The American Federation of State, County and Municipal Employees (AFSCME) is asking the entire union to join with their members in Memphis in observing a moment of silence on February 1, 2018 to honor the 50th anniversary of the tragic events that touched off the 1968 Memphis Sanitation Workers’ Strike, where King was killed.
And we here at Confined Space invite all of you to join in or organize your own event. There’s a media tool kit here.
Most Americans probably forget that King was killed defending workers’ rights. And even fewer probably know that the strike was sparked by the gruesome deaths of sanitation workers Echol Cole and Robert Walker, AFSCME Local 1733 members. On February 1, 1968, a rainstorm forced Cole and Walker to seek shelter in the back of their antiquated truck.
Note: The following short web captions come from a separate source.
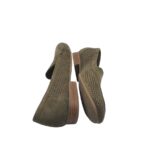 Mocasini dama Graceland, 37, material textil, kaki - imagine 4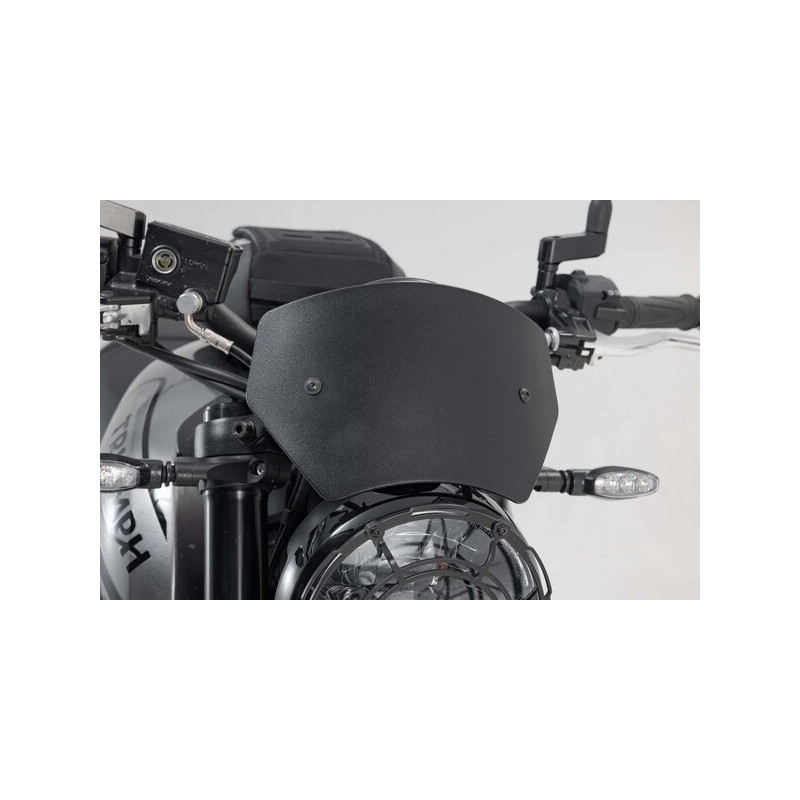 Pare-Brise Aluminium SW-Motech pour Triumph Trident 660 (21-24) SCT.11.842.10000/B Pare-Brise Aluminium SW-Motech pour Triumph Trident 660 (21-24) SCT.11.842.10000/B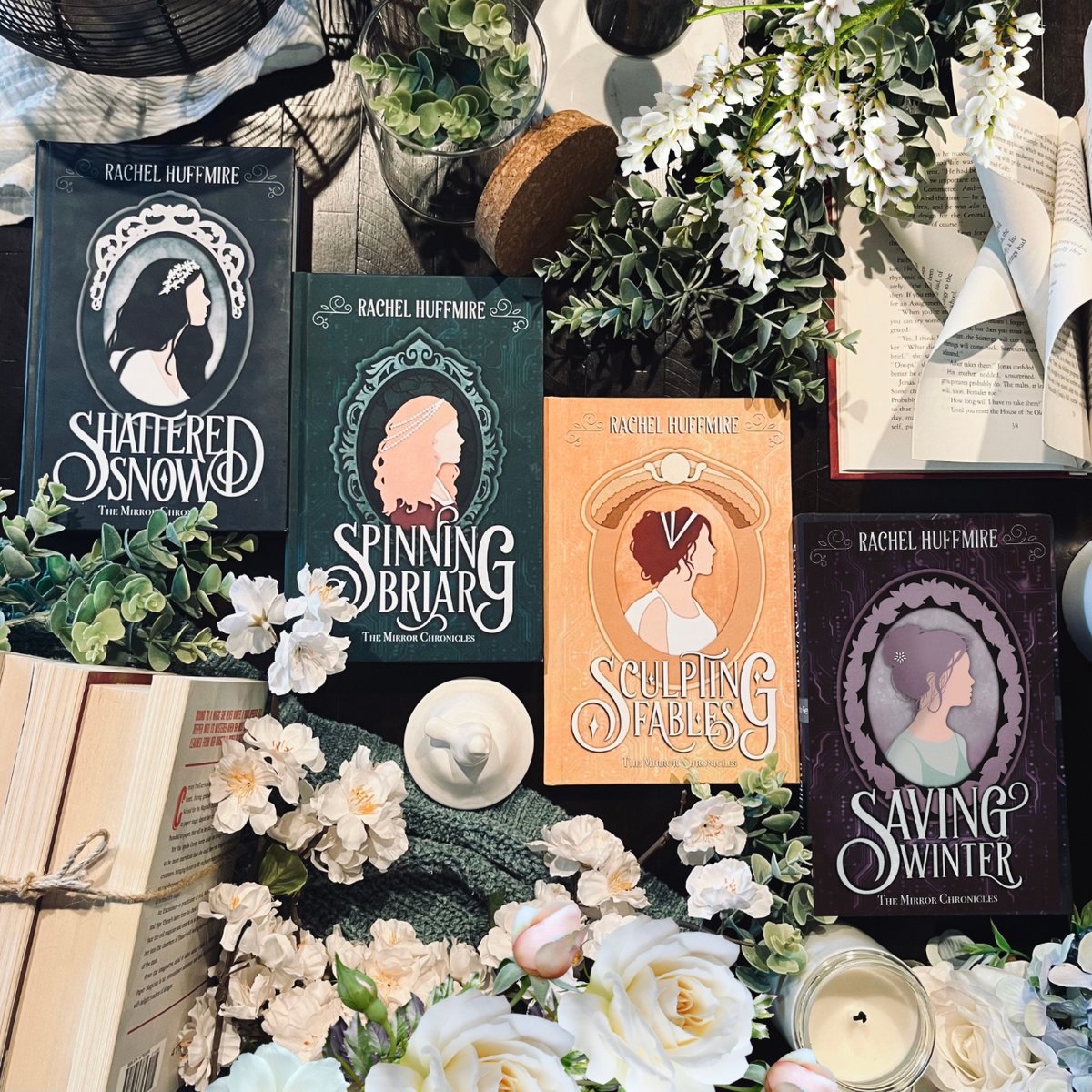 RachelHuffmire's tweet photo. GIVEAWAY TIME! ✨📚 This is the biggest giveaway I've ever run! To read the rules and enter a chance to win the ENTIRE Mirror Chronicles series, go here: https://t.co/ihpBkxgunL https://t.co/xwjZzvBRG5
The workers’ repeated warnings to management had been ignored until that day when a short caused the truck’s compactor to kick on, crushing the two men to death. They were 36 and 30 years old, respectively.
Few know that the Memphis sanitation workers strike was sparked by the gruesome deaths of sanitation workers Echol Cole and Robert Walker, AFSCME Local 1733 members
As Taylor Branch wrote in On Canaan’s Edge,
- “It was a gruesome chore to retrieve the two crushed bodies from the garbage packer and pronounce them dead at John Gaston Hospital. Echol Cole and Robert Walker soon became the anonymous cause that diverted Martin Luther King to Memphis for his last march. City flags flew at half-mast for them, but they never were public figures like Lisa Marie Presley, whose birth at 5:01 PM was being announced. . . . Cole and Walker would not be listed among civil rights martyrs, nor studied like Rosa Parks as the catalyst for a new movement. Their fate was perhaps too lowly and pathetic.”
AFSCME President Lee Saunders relates, “Their coworkers decided they had had enough. They voted to strike, and despite facing racial hatred and disrespect, they bravely continued their strike for more than two months. They were supported by their AFSCME sisters and brothers from across the country, and by Dr. Martin Luther King, Jr., who traveled to Memphis to march in solidarity, where he ultimately gave his life for their cause.”
What mindset are you in when you decide to shelter in the business end of a garbage truck? Does that make any sense at all? And do rainstorms ever force you to do anything? Rain trumps agency? I think that is a red herring and I call BS on the incident.
Of course, it took King and many others to call BS on the US.
You’re right. It was probably suicide by garbage truck. What’s the matter with you, anyway?